My Dad James Eugene Rier

The Early Years: 1914 – 1942

Dad was born September 9th, 1914 in Lubec, Maine, the second child and first son of Frank and Elizabeth Keegan Rier. He had an elder sister Marion. As the years went by, Dad had four brothers: Francis (“Babe”), Julian (“Barney”), Paul, Raymond and three more sisters: Evelyn, Patrica and Carolee. In all, Grammy had 11 children. A little brother, Patrick, died before the age of five during a flu epidemic. One baby was born premature and survived only hours. Dad remembered burying the baby in a shoebox in a field beside the family home overlooking the sea.

Grammy Rier told me that she never intended to have children and was surprised when she was pregnant with Marion soon after her marriage to Frank. “The doctor told me to nurse the baby so I wouldn’t get pregnant right away. It didn’t work. Your father was born little more than a year later.” Grammy had her babies at home in her bed. Sometimes the doctor arrived. Sometimes Frank delivered the baby.

Grammy was a staunch Irish Catholic. I have no idea why she thought she wouldn’t have any children.
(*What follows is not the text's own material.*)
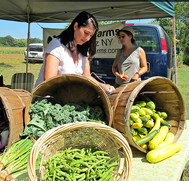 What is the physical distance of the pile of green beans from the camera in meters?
1.38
I could not imagine life without all my uncles, aunts and nearly 40 cousins, most lived in Lubec.

When Dad was little, there was no pretense to dress boys and girls differently, or to cut boy’s hair short. As a toddler, Dad wore dresses and had long, flowing, black hair. “Mother said my hair was too thick and beautiful to cut,” Dad explained.

Dad (R) with his sister Marion (L). Isn’t that a necklace on Dad?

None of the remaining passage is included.